== RECORDED DATA

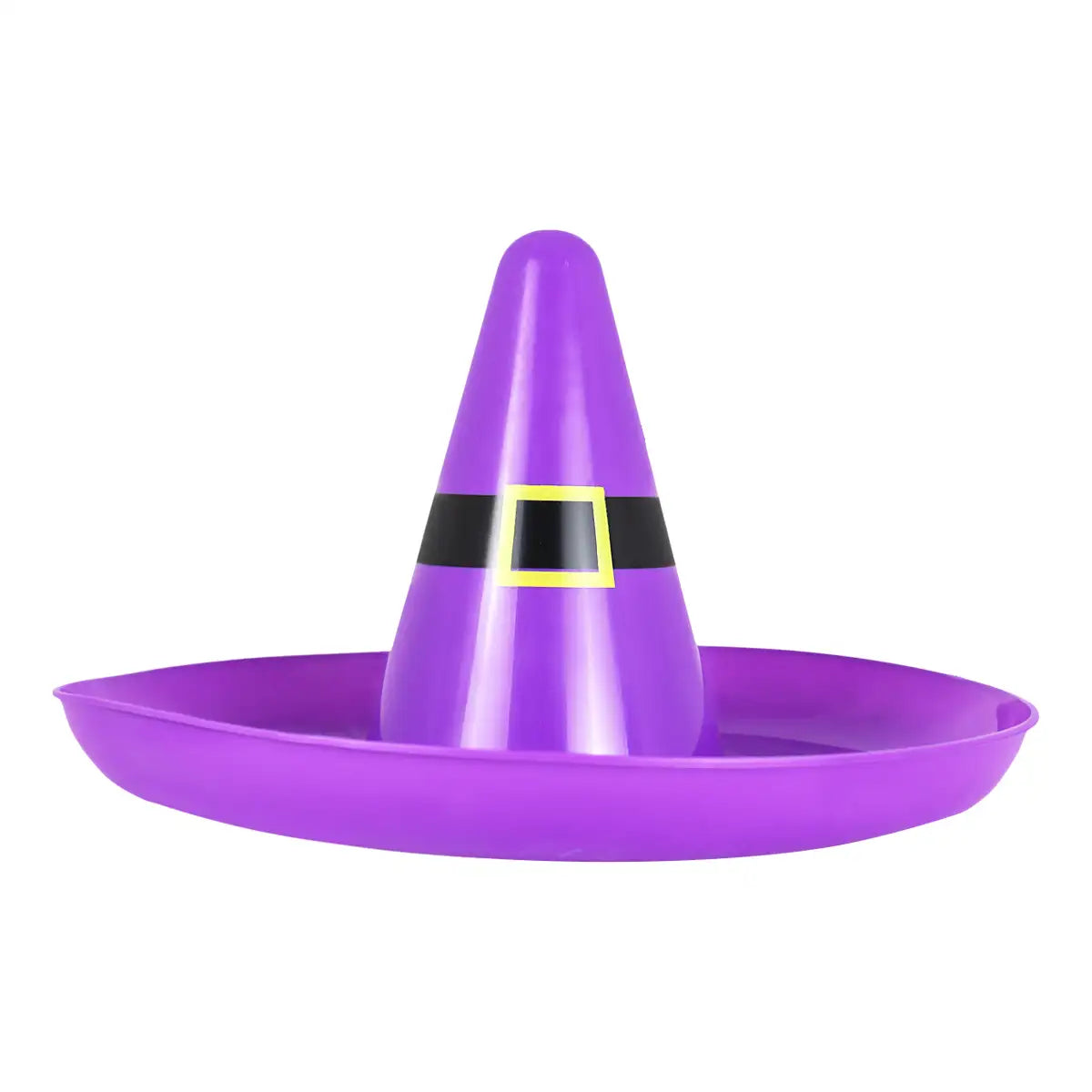 Botanero en Forma de Sombrero de Bruja, Halloween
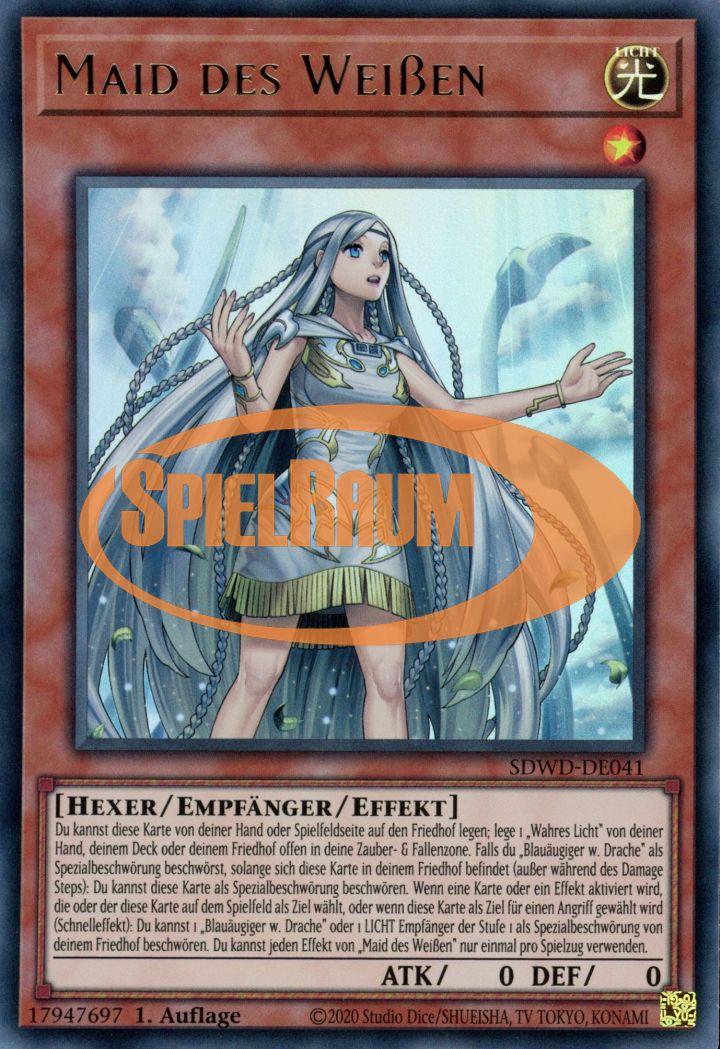 Maiden of White (V.1 - Ultra Rare)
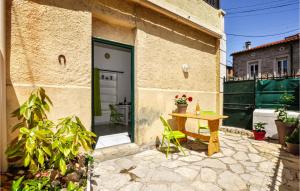 Awesome home in Saleilles with WiFi and 1 Bedrooms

====

TASK DESCRIPTION: Would you write out all of the data exactly as it stands, without the pictures?

ANSWER SECTION:
 Botanero en Forma de Sombrero de Bruja, Halloween
 Maiden of White (V.1 - Ultra Rare)
 Awesome home in Saleilles with WiFi and 1 Bedrooms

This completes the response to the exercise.